# Basic recommender for MovieLens data

## Imports

In [101]:
import pandas as pd
import numpy as np
import re
import sklearn

from matplotlib import pyplot as plt


## Read data

In [102]:
data_path = 'data/movielens_latest_small/{}.csv'

ratings_data = pd.read_csv(data_path.format('ratings'))
movies_data = pd.read_csv(data_path.format('movies'))
tags_data = pd.read_csv(data_path.format('tags'))
links_data = pd.read_csv(data_path.format('links'))

## Data preprocessing

In [103]:
def get_movie_year(title):
    title_re = re.compile(r'.+[\s,-]\(?(\d\d\d\d)\)')
    year = title_re.search(title)
    if year:
        return year.group(1)
    
def get_movie_title(full_title):
    title_re = re.compile(r'(.+)[\s,-]\(?(\d\d\d\d)\)')
    title = title_re.search(full_title)
    if title:
        return title.group(1)
    
movies_data["movie_year"] = movies_data["title"].apply(get_movie_year).fillna("1990").astype(int)
movies_data["title"] = movies_data["title"].apply(get_movie_title)

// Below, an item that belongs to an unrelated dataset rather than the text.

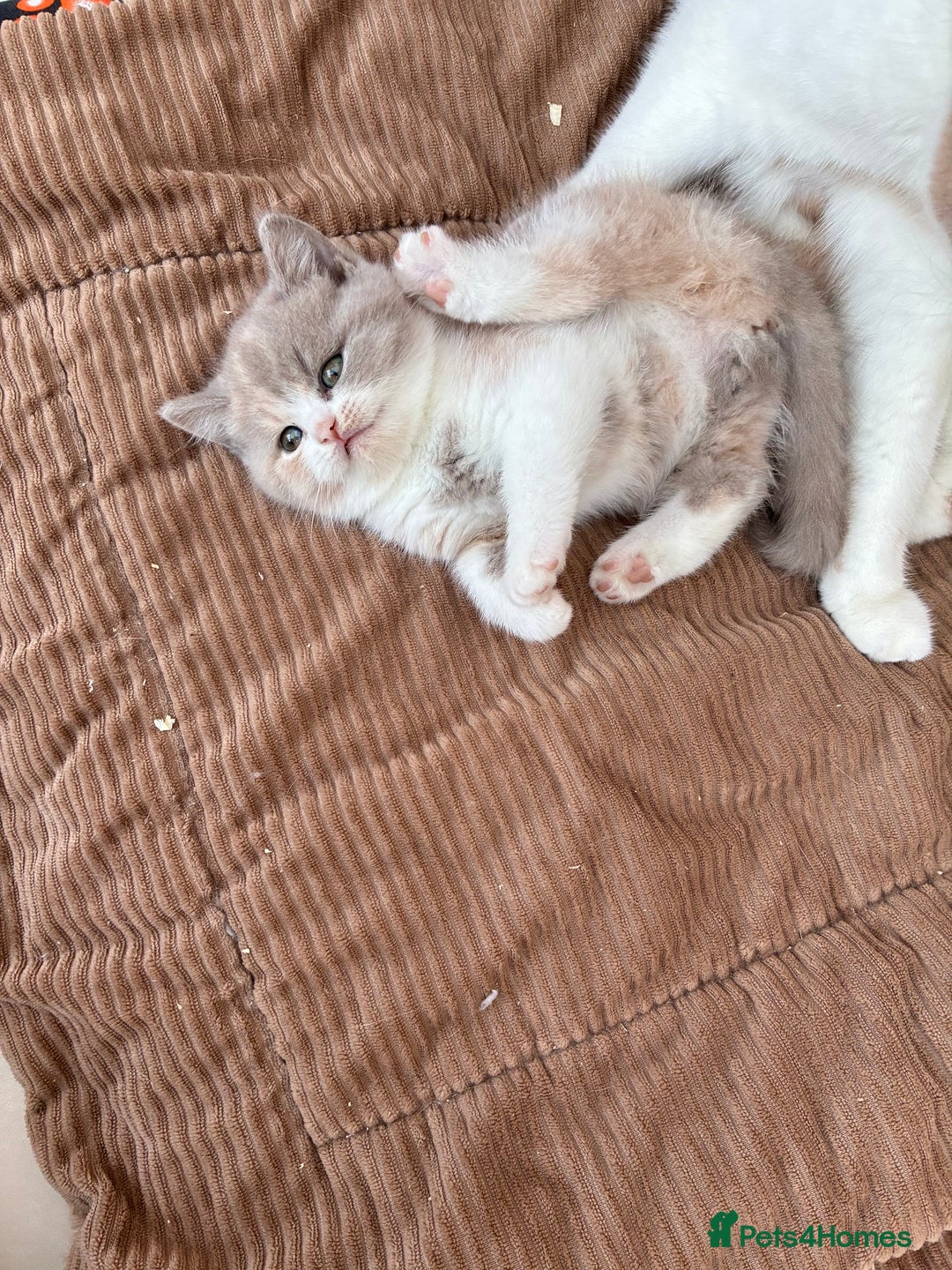 British Shorthair cats for sale: 3 LEFT - TICA BRITISH SHORTHAIRED KITTENS - Image 25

movie_genres = ["Action", "Adventure", "Animation", "Children's", "Comedy", "Crime", "Documentary", "Drama", "Fantasy", 
                "Film-Noir", "Horror", "Musical", "Mystery", "Romance", "Sci-Fi", "Thriller", "War", "Western"]
for genre in movie_genres:
    movies_data[genre] = movies_data["genres"].apply(lambda x: int(genre in x))

movies_data = movies_data.drop("genres", 1)

In [104]:
ratings_data["time"] = ratings_data["timestamp"].apply(pd.to_datetime, unit='s')
ratings_data["year"] = ratings_data["time"].apply(lambda x: x.year)
ratings_data["month"] = ratings_data["time"].apply(lambda x: x.month)
ratings_data["day"] = ratings_data["time"].apply(lambda x: x.day)
ratings_data["hour"] = ratings_data["time"].apply(lambda x: x.hour)
ratings_data["rating"] = ratings_data["rating"].astype(int)

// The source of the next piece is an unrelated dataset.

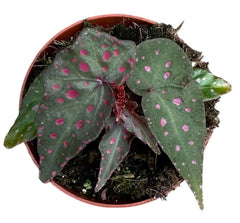 Begonia Amphioxus X Malachosticta 8cm Pot 15cm Height House Plant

ratings_data = ratings_data.drop("timestamp", 1)
ratings_data = ratings_data.drop("time", 1)


In [105]:
ratings_data.head()


Unnamed: 0,userId,movieId,rating,year,month,day,hour
0,1,1,5,1996,11,4,14
1,1,2,3,1996,11,10,16
2,1,10,3,1996,11,10,16
3,1,32,4,1996,11,10,16
4,1,34,4,1996,11,10,16


In [106]:
ratings_table = ratings_data.pivot_table(columns=["movieId"], index=['userId'], values='rating').astype(float)
rated_items = ratings_table.notnull()

ratings_table.head()

movieId,1,2,3,4,5,6,7,8,9,10,...,132796,133419,133545,133897,134170,134368,134393,134783,134853,135887
userId,Unnamed: 1_level_1,Unnamed: 2_level_1,Unnamed: 3_level_1,Unnamed: 4_level_1,Unnamed: 5_level_1,Unnamed: 6_level_1,Unnamed: 7_level_1,Unnamed: 8_level_1,Unnamed: 9_level_1,Unnamed: 10_level_1,Unnamed: 11_level_1,Unnamed: 12_level_1,Unnamed: 13_level_1,Unnamed: 14_level_1,Unnamed: 15_level_1,Unnamed: 16_level_1,Unnamed: 17_level_1,Unnamed: 18_level_1,Unnamed: 19_level_1,Unnamed: 20_level_1,Unnamed: 21_level_1
1,5.0,3.0,,,,,,,,3.0,...,,,,,,,,,,
2,3.0,3.0,,,,,,,,,...,,,,,,,,,,
3,,,,,,,,,,,...,,,,,,,,,,
4,,,,,,,,,,,...,,,,,,,,,,
5,4.0,,,,3.0,4.0,,,,,...,,,,,,,,,,


##Base Recommeder

In [143]:
class BaseRecommender(object):
    def get_predictions(self, ratings):
        raise NotImplementedError()
    
    def test_predictions(self, train_data, test_data):
        raise NotImplementedError()
    
    def get_top_items(self, ratings, n=5):
        raise NotImplementedError()

## Non-personalized recommender

In [147]:

# filtered_ratings = ratings_data.copy()
# filtered_ratings['rating'] = filtered_ratings.groupby('movieId')['rating'].filter(lambda x:x.count() > 10)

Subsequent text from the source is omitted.